Nex Machina roughly translates to Death Machine in English, and I couldn’t think of a more fitting name for this game. It’s an incredibly fast-paced twin-stick shooter developed by Housemarque, whose previous projects have proven them to be the king of this particular genre. After stellar titles such as Alienation, Dead Nation, and Resogun, it almost goes without saying I was very eager to see what they’d cooked up this time. And, as suspected, Housemarque have once again outdone themselves, with a serious amount of chaotic fun to be had as you blast your way through Nex Machina’s addictive, vibrant, and challenging gameplay loop.
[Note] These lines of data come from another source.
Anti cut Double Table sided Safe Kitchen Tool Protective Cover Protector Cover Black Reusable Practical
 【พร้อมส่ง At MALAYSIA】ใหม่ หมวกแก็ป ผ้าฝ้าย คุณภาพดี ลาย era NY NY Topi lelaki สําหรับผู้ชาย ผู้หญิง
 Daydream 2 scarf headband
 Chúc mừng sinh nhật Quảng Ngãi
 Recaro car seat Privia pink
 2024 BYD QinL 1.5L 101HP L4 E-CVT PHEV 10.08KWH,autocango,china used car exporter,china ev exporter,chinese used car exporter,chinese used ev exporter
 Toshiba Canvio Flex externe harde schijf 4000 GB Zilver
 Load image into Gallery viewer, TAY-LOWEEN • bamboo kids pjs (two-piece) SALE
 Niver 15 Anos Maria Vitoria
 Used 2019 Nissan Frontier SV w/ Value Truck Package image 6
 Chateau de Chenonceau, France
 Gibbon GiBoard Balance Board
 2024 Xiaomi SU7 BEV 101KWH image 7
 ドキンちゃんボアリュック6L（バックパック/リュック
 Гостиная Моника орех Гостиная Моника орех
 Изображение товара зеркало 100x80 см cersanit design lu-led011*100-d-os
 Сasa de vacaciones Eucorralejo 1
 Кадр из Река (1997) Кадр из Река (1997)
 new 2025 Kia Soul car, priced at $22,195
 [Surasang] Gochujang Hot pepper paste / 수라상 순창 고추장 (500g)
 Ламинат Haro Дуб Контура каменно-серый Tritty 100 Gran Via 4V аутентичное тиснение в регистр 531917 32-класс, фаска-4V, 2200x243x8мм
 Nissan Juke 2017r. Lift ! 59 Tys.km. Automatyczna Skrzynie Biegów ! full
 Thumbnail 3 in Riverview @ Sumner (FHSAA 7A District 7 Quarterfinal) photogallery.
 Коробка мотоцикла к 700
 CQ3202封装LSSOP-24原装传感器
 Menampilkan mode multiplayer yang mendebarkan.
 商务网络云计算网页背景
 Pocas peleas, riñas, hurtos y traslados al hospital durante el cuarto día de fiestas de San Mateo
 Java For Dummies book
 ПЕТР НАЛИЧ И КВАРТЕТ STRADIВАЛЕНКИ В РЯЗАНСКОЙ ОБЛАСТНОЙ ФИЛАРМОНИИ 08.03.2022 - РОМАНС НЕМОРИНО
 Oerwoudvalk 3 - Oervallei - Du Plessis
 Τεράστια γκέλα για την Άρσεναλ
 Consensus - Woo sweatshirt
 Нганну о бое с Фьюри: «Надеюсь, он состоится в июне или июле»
With Eugene Jarvis as a creative consultant, the game takes heavy inspiration from games such as Robotron: 2084 and Smash TV which makes this experience feel like a true callback to arcade shooters.
Nex Machina has no real story mode or narrative to speak of, just a simple premise and reason to do what you’re doing. You play as a single, unnamed hero who is tasked with the tall order of saving humanity from a robot apocalypse. Beyond that, there are no other dialogue, story beats, or characters to speak of, aside from a few humans that run around stages aimlessly, waiting to be saved. There’s a lot in the game that’s up for interpretation, but much like Housemarque’s other titles, the narrative isn’t the focus, the gameplay is.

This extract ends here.